Некоторое время после этого инцидента цензура как бы совестилась трогать журнал. Но вскоре после возвращения Некрасова она вырезала из ноябрьской книжки новую часть его поэмы «Кому на Руси жить хорошо» — «Пир на весь мир». «Можете сами представить себе, какое впечатление должен был произвести этот храбрый поступок на умирающего человека, — негодовал Щедрин. — К сожалению, и хлопотать почти бесполезно: все так исполнено ненависти и угрозы, что трудно даже издали подступиться».
Все начало 1877 года прошло в бесконечных цензурных придирках, заставлявших задумываться о том, суждено ли журналу уцелеть после смерти Некрасова. Казалось, он на глазах умирает вместе со своим редактором. «Искалеченным и оскопленным» оказался первый номер, 15 февраля вышел переполох с рассказом «Чужую беду — руками разведу», задержала цензура и мартовскую книжку, добившись исключения двух статей.

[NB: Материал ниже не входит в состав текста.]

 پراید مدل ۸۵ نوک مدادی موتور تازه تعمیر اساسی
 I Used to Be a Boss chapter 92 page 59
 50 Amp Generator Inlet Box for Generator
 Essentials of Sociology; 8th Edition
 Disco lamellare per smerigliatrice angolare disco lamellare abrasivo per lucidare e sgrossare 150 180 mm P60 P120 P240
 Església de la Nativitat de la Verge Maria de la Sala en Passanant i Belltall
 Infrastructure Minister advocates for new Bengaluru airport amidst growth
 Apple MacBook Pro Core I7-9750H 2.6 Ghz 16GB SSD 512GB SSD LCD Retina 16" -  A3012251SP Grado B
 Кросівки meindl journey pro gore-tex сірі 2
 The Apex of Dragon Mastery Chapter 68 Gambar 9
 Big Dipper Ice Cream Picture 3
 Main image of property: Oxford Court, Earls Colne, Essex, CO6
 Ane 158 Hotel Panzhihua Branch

Как ни пытался Михаил Евграфович щадить больного, Некрасов чутко угадывал истинное положение вещей, и это удваивало его муки. В письме к Анненкову Салтыков как-то обмолвился: «допеваю, кажется, последние песни. Да и все допевают (курсив мой. — А. Т.)». Употребил ли он это выражение и при Некрасове, или просто они думали об одном, только поэт так и назвал свой новый сборник. Весной 1877 года он показал Салтыкову стихи:
Страшно было слышать его временами не смолкающие стоны, горько видеть, как мучается он, лежа под портретами Белинского, Добролюбова, Чернышевского, мыслями о том, что «бывало, когда грозил неумолимый рок, неверный звук у лиры исторгала» его рука. Человек, проводивший сквозь всевозможные рифы журнальный корабль, поэт, своими стихами утверждавший тысячи людей в желании отдать свои силы народу, он все казнился своими мнимыми и действительными винами.
Что касается Салтыкова, то его мнение о Некрасове было твердо:
«Замечательна жизнь этого человека, но я всегда был и буду склонен думать, что в ней было более хорошего, чем дурного. Ненужного коварства не было».
Чувствуя, что Некрасова терзают воспоминания о прошлом, о людях, с которыми сводила его жизнь и чьи портреты теперь, кажется, «укоризненно смотрят со стен», Михаил Евграфович старался отогнать от больного эти мрачные мысли. «Мне кажется, — упрашивал он А. Н. Пыпина, — что Вы хорошо сделаете, посетивши его. Вы в особенности, как человек “Современника”».
Уставясь на собеседника тоскующими глазами, Некрасов вспоминал то презрительный взгляд Муравьева-Вешателя при подношении ему поздравительных стихов, то злые нападки Антоновича и Жуковского и сбивчиво пытался объяснить свое тогдашнее душевное состояние. Естественную неловкость, которую испытывали слушатели, он принимал за осуждение, потерянно замолкал, а потом снова возвращался к мучительным воспоминаниям.
— Представьте себе: даже перед Стасюлевичем исповедуется, — оскорблялся Михаил Евграфович за великого поэта, в предсмертной тоске искавшего сочувствия то у редактора либерального «Вестника Европы», то даже у Суворина.
Новый, 1878 год «Отечественные записки» встретили уже без Некрасова. 27 декабря он умер. Огромная толпа народа провожала его к могиле. Салтыков то хмуро молчал, то взрывался по мелочам. Досталось даже покойнику, который всю жизнь говорил, что желает лежать на Волковом кладбище, рядом с другими литераторами, но перед смертью распорядился, чтобы его похоронили в Новодевичьем монастыре.
А в памяти вставали потухшие глаза Добролюбова, поразившие Михаила Евграфовича при их последнем свидании, и чей-то рассказ о том, как после похорон Шевченко Некрасов понуро влезал в карету, забыв отряхнуться от крупных хлопьев снега…
— Много еще похорон вы увидите, — мрачно сказал Салтыков Михайловскому на прощанье.